Coupling and De-coupling the North Korean Missile Program from the Kim Jong-un Reformer Narrative

An essay earlier this year by Fodor Tertitsky, and a recent NewsHour interview with missile specialist Jeffrey Lewis, got me thinking about the nature of the relationship between reform and science/technological advancement in North Korea.

Journalist Judy Woodruff concluded her interview with Lewis by almost incredulously asking, “Does North Korea have its own super smart scientists, or do they steal this technology from abroad?”

This is one very serious problem with framing most of the mainstream media discourse on North Korea: The primary profile of the country shown is the missile and nuclear programmes, meaning that the country and political system primarily exists as a kind of “host state” or shell for the nukes.

Naturally, the North Korean state itself frames its nuclear program precisely opposite: We have a society, and a legacy, and are advancing and “the treasured sword” of our nuclear weapons programme protects that society, legacy, and enables advancement.

Also, what happened to the DPRK’s own assertion that its missiles were mainly for a satellite and space program? A series of data points shows the progression of this artifice over the past five years.

 

Kim Jong-un has personally taken an interest in and driven initiatives like distance education and satellite use for improvement of weather forecasting and farming. (See Kim Jong-un’s field guidance of 11 or 12 June 2014 with Choe Ryong-hae as the key example.) Such trends indicate that DPRK overall political culture and the word of the Supreme Leader is leaning in the appropriate direction for more international collaboration with scientists.

Internal politics of Kim Jong-un and the farmers should go beyond his statements on land use from 2012, since there are indicators that efforts are afoot to modernize some older elements, alongside traditionalist strengthening of elements like the “3 Revolution Work Teams,” communes, the constant bigging up of Kim Il-sung’s 1964 rural theses, and “volunteer” urban labour at planting and harvest times.

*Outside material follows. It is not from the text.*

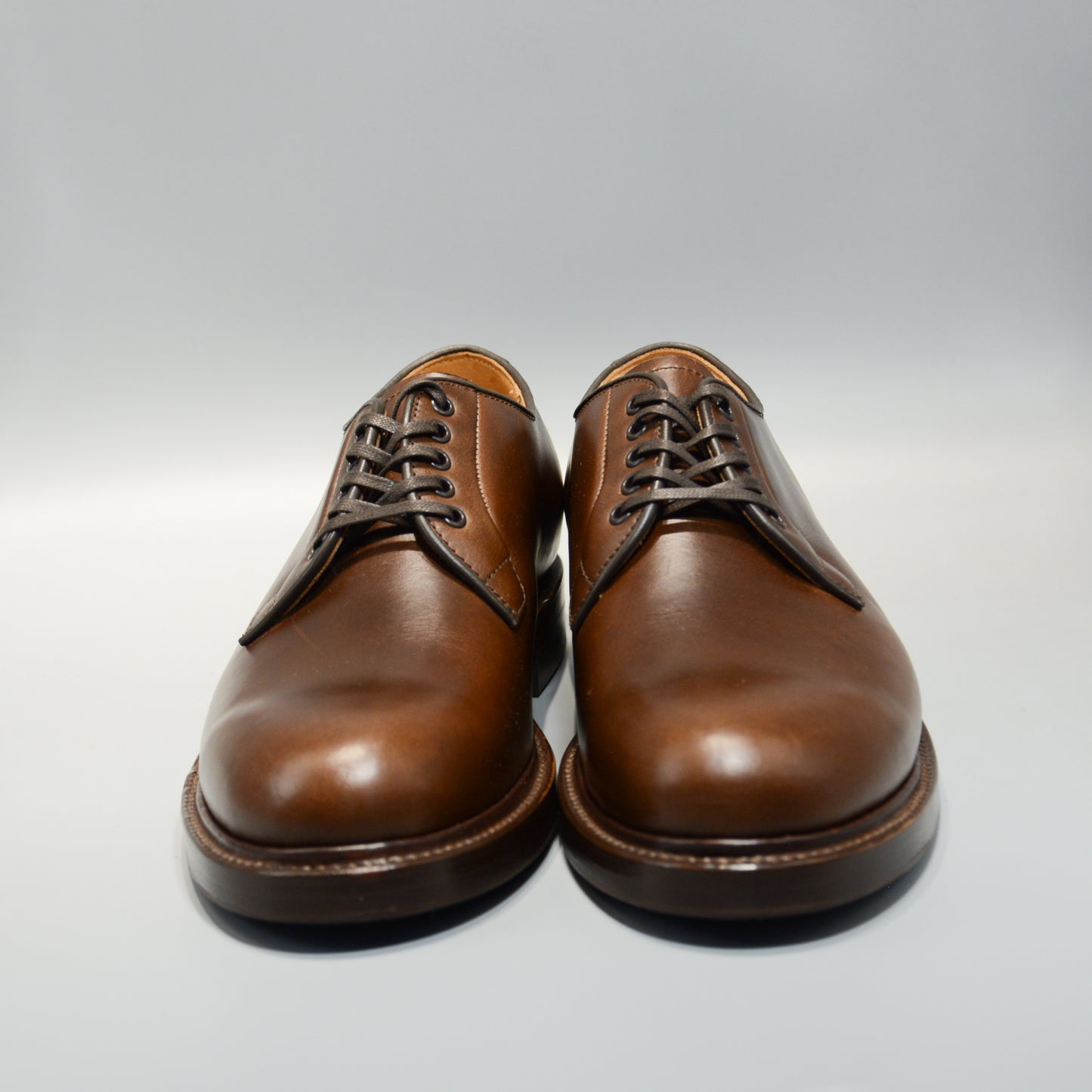 #15066 PLAIN TOE BLUCHER BROWN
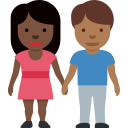 Twitter (Twemoji 14.0)  👩🏿‍🤝‍👨🏾  Woman And Man Holding Hands: Dark Skin Tone, Medium-dark Skin Tone Emoji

Those arguing for scientific engagement with North Korea need to make the argument that foreign interlocutors and aid agencies would somehow strengthen the tendencies toward professionalization within this large spectrum of North Korean approaches to agriculture, even as they strengthen the notions of regime supremacy (i.e. that Kim Jong-un allows for such exchanges to go forward, and thus the goodwill accrues to him rather than the outside agencies footing the bill and doing the labour).